Ukraine war, inflation impact shipping rates globally

Shipping rates drop globally by 25%
Ukraine war, inflation impact shipping rates globally

Global freight rates declined during Q1 of 2022 due to a dip in demand for freight transport following an increase in global inflation due to the outbreak of the Russian-Ukrainian war.

According to an official source from one of the international shipping lines, sea freight charges fell by 25 percent in Q1 of 2022, owing to a lack of production in China As diseases continue to spread. 

The source pointed out the drop in demand for shipping products in European and American countries following the outbreak of the Russian-Ukrainian war at the start of this year, which triggered a global wave of inflation, and contributed to the weak demand for shipping goods.

According to Maher Yousef, a member of the Amman Chamber of Commerce board of directors, freight prices from China’s Shenzhen port to Jordan’s port of Aqaba dropped dramatically in late April, from $7,000 per container to $4.2 thousand. 

Youssef indicated that this drop is mainly due to the global drop in demand, in addition to factory closures in China.  

He added that the Chinese Chamber of Commerce confirmed the current closure of Chinese cities in order to confront the re-emergence of the Corona epidemic in China.
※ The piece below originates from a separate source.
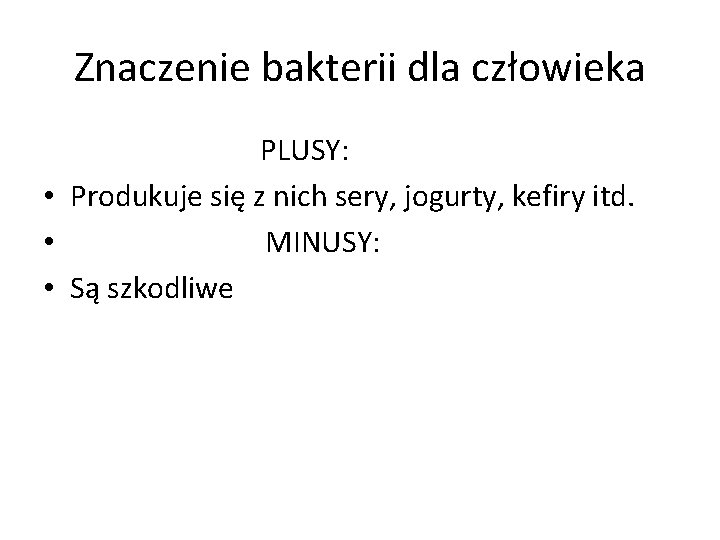 Znaczenie bakterii dla człowieka PLUSY: • Produkuje się z nich sery, jogurty, kefiry itd.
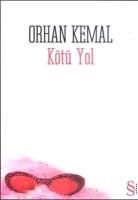 Orhan Kemal - Kötü Yol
Youssef further noted that the inability of workers and business owners to move from one city to another, in addition to factory owners’ failure to purchase spare parts for their machines as a result of the closures resulted in a recession and a drop in demand, prompting even lower freight rates in an attempt to boost production.

Additionally, in the last week of April, shipping prices from China to the US dropped from $12,600 to $8,600 per container.

Moreover, the Chinese Chamber of Commerce revealed that shipping prices from China to Saudi have dropped in April from $7,000 to $4,000.

Supply chains, freight, and goods transport were all in disarray around the world as shipping companies were unable to deal with the increasing demand for consumer products, as well as the port disruptions caused by the Corona pandemic.